EXERCISE INSTRUCTIONS:
Quote, without any change, the line that contains "this 768×432 image." and all lines that follow it to the end of the data below.

START TASK DATA

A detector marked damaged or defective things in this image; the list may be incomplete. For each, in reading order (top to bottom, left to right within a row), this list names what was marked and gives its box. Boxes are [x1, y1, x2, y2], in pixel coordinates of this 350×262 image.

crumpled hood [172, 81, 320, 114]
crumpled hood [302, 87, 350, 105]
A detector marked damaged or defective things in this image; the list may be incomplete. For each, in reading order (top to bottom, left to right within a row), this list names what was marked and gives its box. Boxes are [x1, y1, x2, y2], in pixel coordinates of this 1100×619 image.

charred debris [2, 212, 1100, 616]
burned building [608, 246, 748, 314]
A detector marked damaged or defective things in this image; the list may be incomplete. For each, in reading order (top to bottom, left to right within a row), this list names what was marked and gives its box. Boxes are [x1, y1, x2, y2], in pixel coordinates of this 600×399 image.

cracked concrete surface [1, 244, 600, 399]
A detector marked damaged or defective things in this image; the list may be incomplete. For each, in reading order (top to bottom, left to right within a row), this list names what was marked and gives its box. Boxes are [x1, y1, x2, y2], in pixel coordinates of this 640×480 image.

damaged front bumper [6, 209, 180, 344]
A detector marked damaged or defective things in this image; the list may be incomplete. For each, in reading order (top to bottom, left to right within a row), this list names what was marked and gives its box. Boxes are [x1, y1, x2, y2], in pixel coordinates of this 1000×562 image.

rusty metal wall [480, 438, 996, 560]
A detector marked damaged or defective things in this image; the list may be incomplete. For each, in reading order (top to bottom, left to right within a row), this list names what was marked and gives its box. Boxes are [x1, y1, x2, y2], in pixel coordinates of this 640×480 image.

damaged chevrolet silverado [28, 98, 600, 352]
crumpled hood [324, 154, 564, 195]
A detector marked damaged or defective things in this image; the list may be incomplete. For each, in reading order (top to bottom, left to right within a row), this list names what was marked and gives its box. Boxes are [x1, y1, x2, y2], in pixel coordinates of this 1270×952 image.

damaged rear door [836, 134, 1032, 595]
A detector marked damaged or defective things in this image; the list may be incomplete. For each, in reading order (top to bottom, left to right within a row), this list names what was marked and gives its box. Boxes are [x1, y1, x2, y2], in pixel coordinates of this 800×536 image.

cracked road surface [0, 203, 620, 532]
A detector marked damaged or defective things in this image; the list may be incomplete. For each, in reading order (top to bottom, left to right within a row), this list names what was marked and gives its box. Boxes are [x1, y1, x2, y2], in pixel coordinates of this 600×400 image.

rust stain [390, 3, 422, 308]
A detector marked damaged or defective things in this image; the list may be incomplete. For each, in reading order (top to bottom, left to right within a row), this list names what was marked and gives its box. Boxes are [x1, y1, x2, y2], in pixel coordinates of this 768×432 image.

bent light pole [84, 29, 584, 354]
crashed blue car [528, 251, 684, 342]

END TASK DATA

TASK ANSWER:
A detector marked damaged or defective things in this image; the list may be incomplete. For each, in reading order (top to bottom, left to right within a row), this list names what was marked and gives its box. Boxes are [x1, y1, x2, y2], in pixel coordinates of this 768×432 image.

bent light pole [84, 29, 584, 354]
crashed blue car [528, 251, 684, 342]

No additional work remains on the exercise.